Creative beat-slicing in Logic

Using loops in your Logic Project needn’t result in creative dead-ends, especially if you make use of the new slicing options offered by Quick Sampler.

Logic Pro X handles the switch from audio to MIDI seamlessly. It can, for example, convert audio regions into time-sliced samples triggered from a MIDI region or, going the other way, convert a MIDI-triggered software instrument into an audio region. Such flexibility is particularly useful with drum loops. Rather than  playing back loops at the correct tempo, Logic can slice and map loops, which opens up an array of resequencing, filtering, enveloping and glitch-type effects. With the release of Logic Pro X 10.5 and the new Quick Sampler and Sampler instruments, this slice-and-dice approach to drum loops is now even easier to achieve.

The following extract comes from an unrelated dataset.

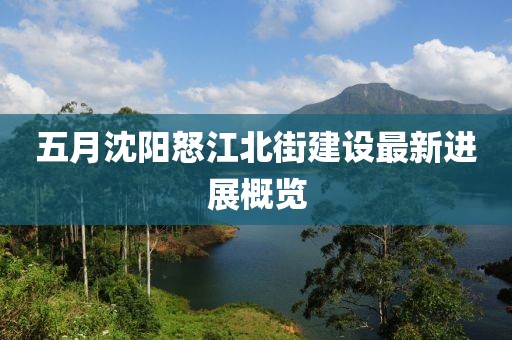 五月沈阳怒江北街建设最新进展概览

Designed as a quick-and-easy solution for time-sliced drum loops, Quick Sampler is one of the key benefits of Logic Pro X 10.5. Loops can now be dragged directly for the browser area onto track headers, where Logic will present you with a series of auto-mapping options: two for Quick Sampler, one for Drum Machine Designer and three for Alchemy. For simple and accessible loop slicing, the logical choice is either of the two Quick Sampler options.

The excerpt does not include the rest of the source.